WHAT TO PRODUCE: An acceptable answer repeats exactly the line containing "New 80m / 2" and all lines that follow it in the listing below, and it includes no pictures.

SUPPLIED ENTRIES:
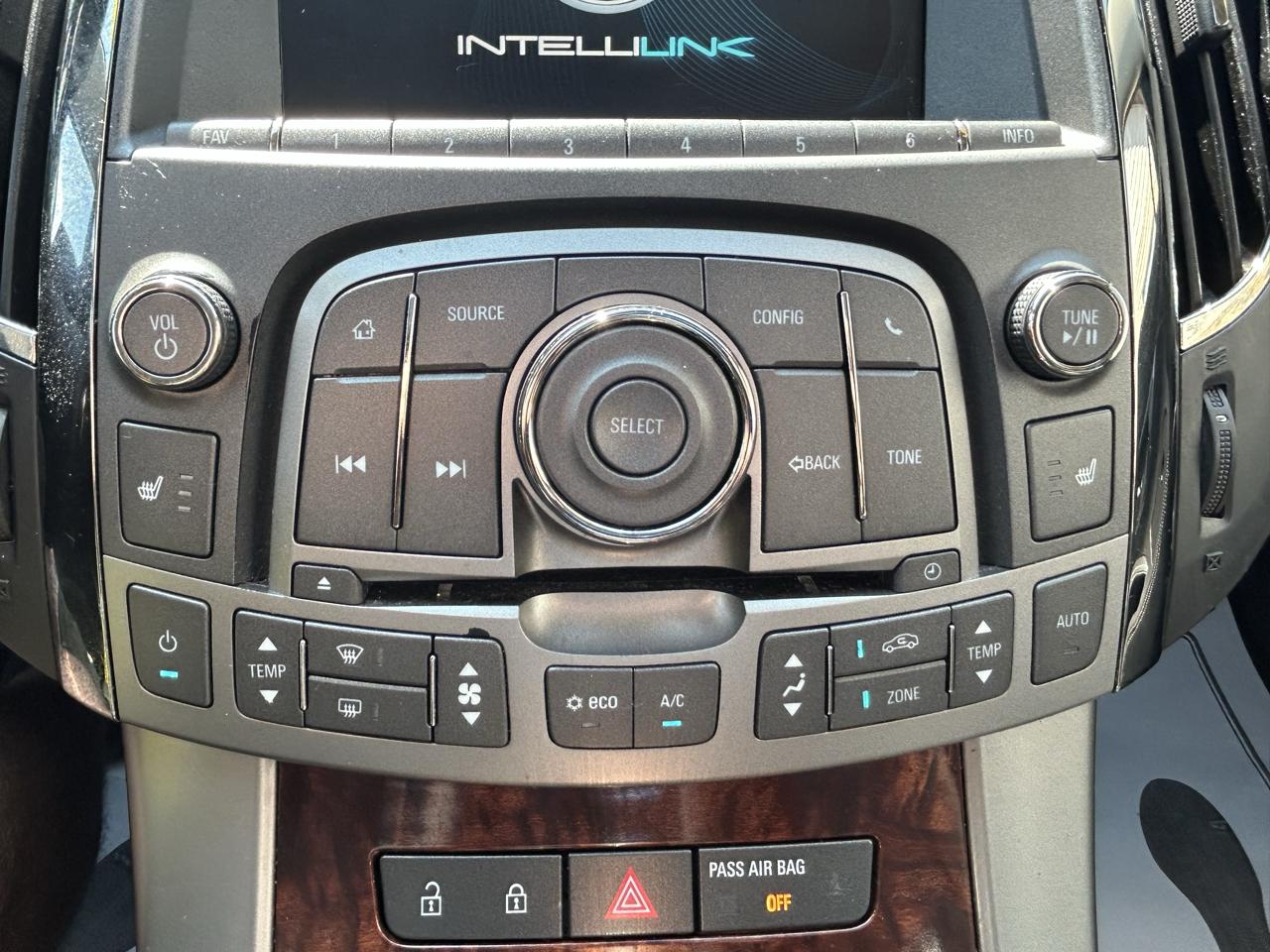 Buick LaCrosse 4dr Sdn Leather FWD 2013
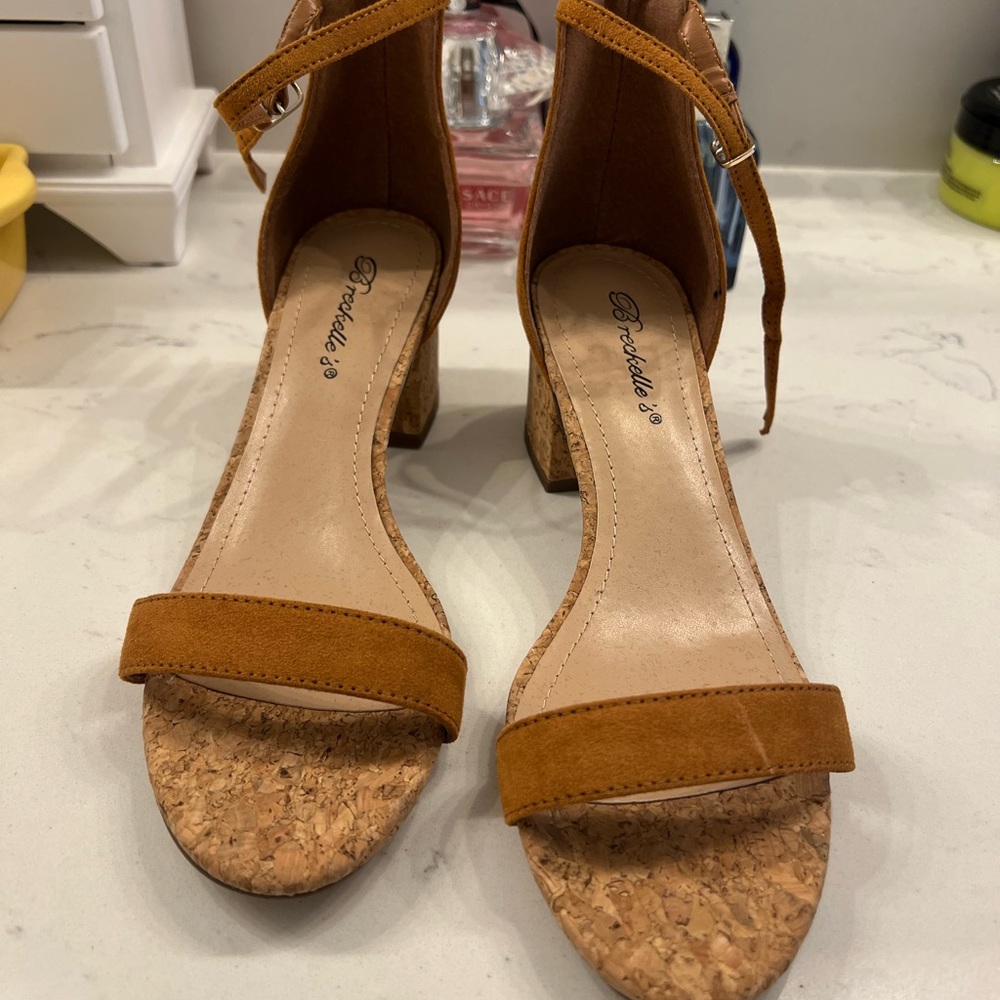 Women’s sandals size 8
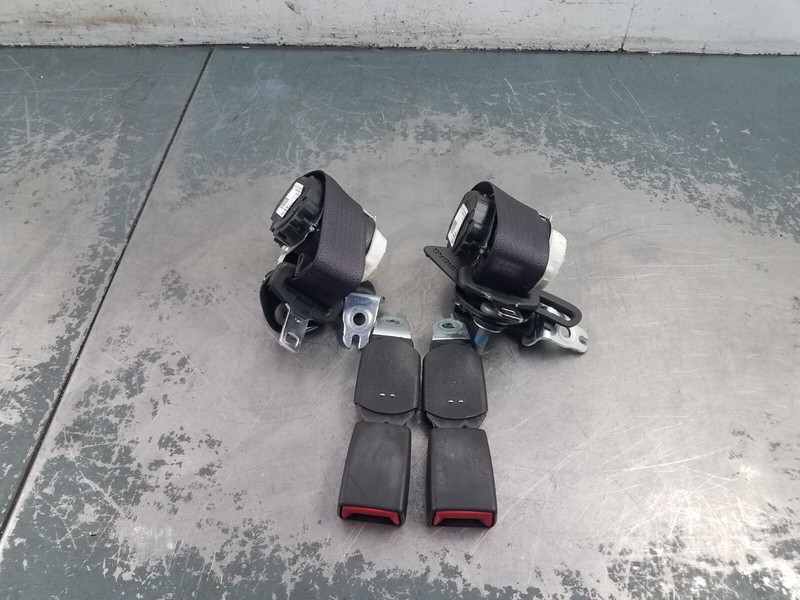 2017 Chevy Camaro ZL1 Rear Seat Belt Set #8417 VV1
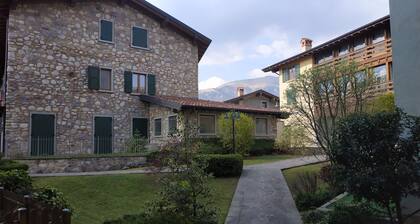 New 80m / 2 apartment in the center of Songavazzo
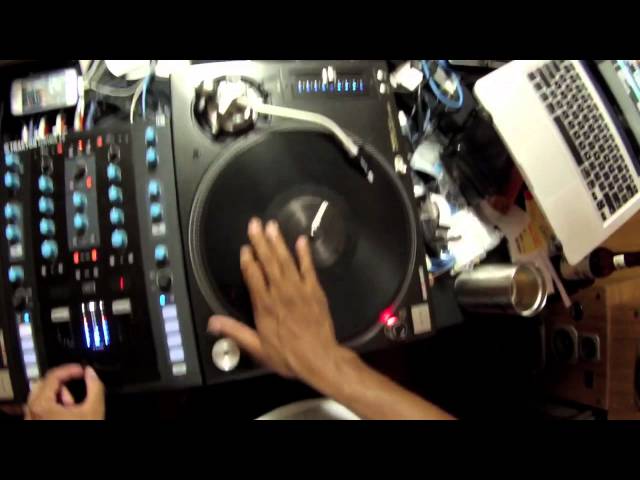 Traktor Scratch + Serato Control Vinyl - YouTube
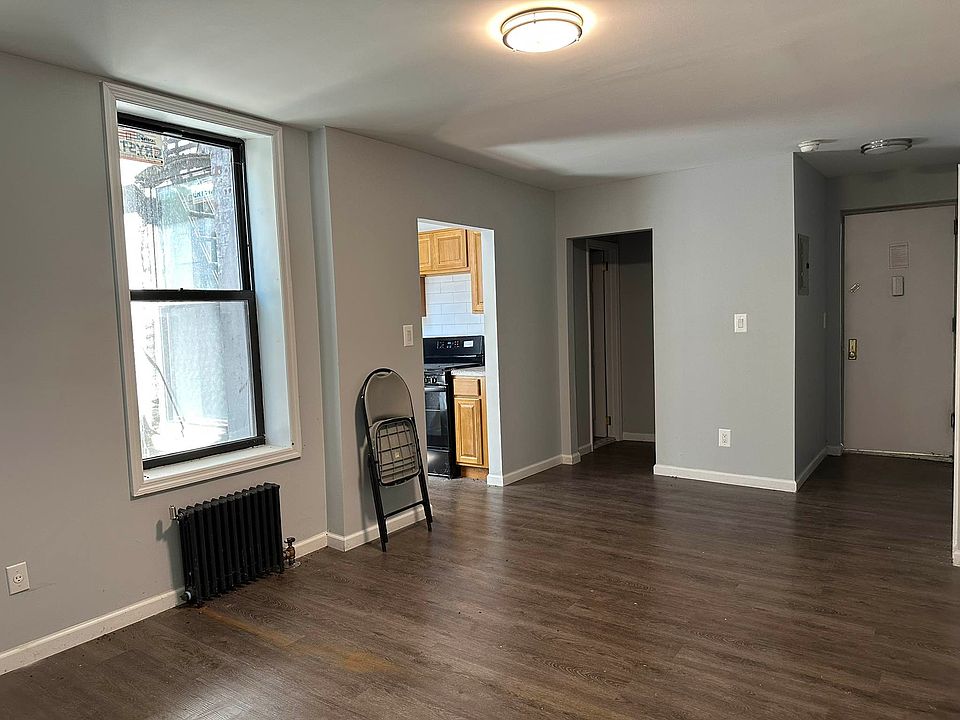2nd image of 940 Bronx Park S APT 1E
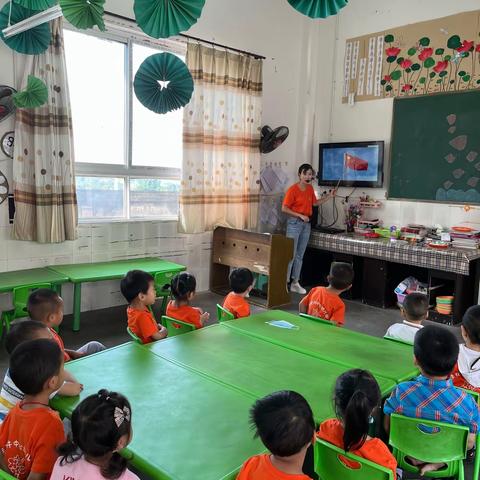 “祖国妈妈，生日快乐”——桂花井幼儿园欢度国庆节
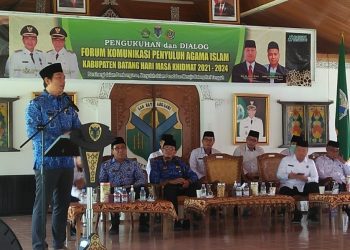 Delapan Orang Setiap Kecamatan Dilantik Oleh Bupati Batanghari di Serambi Rumah Dinas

EXERCISE RESULT:
 New 80m / 2 apartment in the center of Songavazzo
 Traktor Scratch + Serato Control Vinyl - YouTube
2nd image of 940 Bronx Park S APT 1E
 “祖国妈妈，生日快乐”——桂花井幼儿园欢度国庆节
 Delapan Orang Setiap Kecamatan Dilantik Oleh Bupati Batanghari di Serambi Rumah Dinas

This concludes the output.